There is a penis museum in Iceland. That’s right, and it’s full of penises, or, in the words of its founder and curator, Sigurður "Siggi" Hjartarson: honorary members. The Icelandic Phallological Museum, which opened in 1997, has a total of 280 penises from 93 difference species, including mice, whales, and bulls. But even with so many penises, the museum is still missing, and looking, for one from a human.

The documentary The Final Member, which is expected to be released this spring (trailer below), follows the story of two men who are vying for that spot. One of them, Pall Aranson, lives in Iceland and has promised to donate his five-inch penis after he dies. The other one, Tom Mitchell, is from the U.S. and he’s so bent on having his seven-inch penis — named Elmo and tattooed with the U.S. flag’s stars and stripes — in the museum, that he’s willing to have it surgically removed. “I’d like to know the largest and best one came from the states… I’ve always had a dream of fame and fortune for Elmo,” Mitchell says in the video, according to The Huffington Post. The penis of whomever gets the spot will be the second to go up in the museum. Hjartarson once displayed the penis of a 95-year-old man, but it was improperly preserved. "I should have put him in vinegar, perhaps a wee bit of salt. So I could have formed him better," he told Lonely Planet.

So, what would posess someone to want to donate their penis to a museum, let alone before they've even died? Mitchell is an exhibitionist, Zach Math, one of the filmmakers behing The Final Member, told Vice. Exhibitionism is the act of exposing one's genitals to a stranger. According to the fifth edition of the Diagnostic and Statistical Manual of Mental Disorders (DSM 5), exhibitionistic disorder is diagnosed if a person acts on the sexual urge to expose themselves more than three times, and if it causes “marked distress or interpersonal difficulty” between the two people. In studies, the DSM 5 says, exhibitionism was positively associated with psychological problems, a lower satisfaction with life, and greater alcohol and drug use.
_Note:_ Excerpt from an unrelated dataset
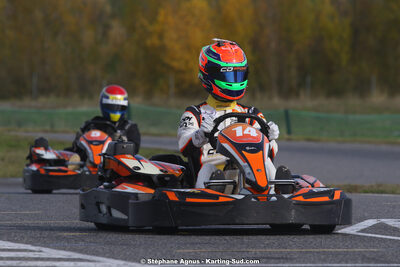 16/11/2019 : 20ème anniversaire du circuit Haute-Garonne Karting à Muret (Photos Stéphane Agnus) 2019 — karting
If Mitchell actually has the disorder, then it might make sense. He reports problems with women in the documentary, according to Math. “He’s a very sweet guy on a certain level,” Math told Vice. “He’s hurt. The thing that made him an extraordinary character in my mind is, toward the end, he says something like, ‘I’m so taken by women. It leaves me vulnerable, and I’ve been hurt so many times, but I need them so much that I need to remove this organ.’ For someone to say that is… there’s so much depth going on there that’s so counter to how we think of that organ.”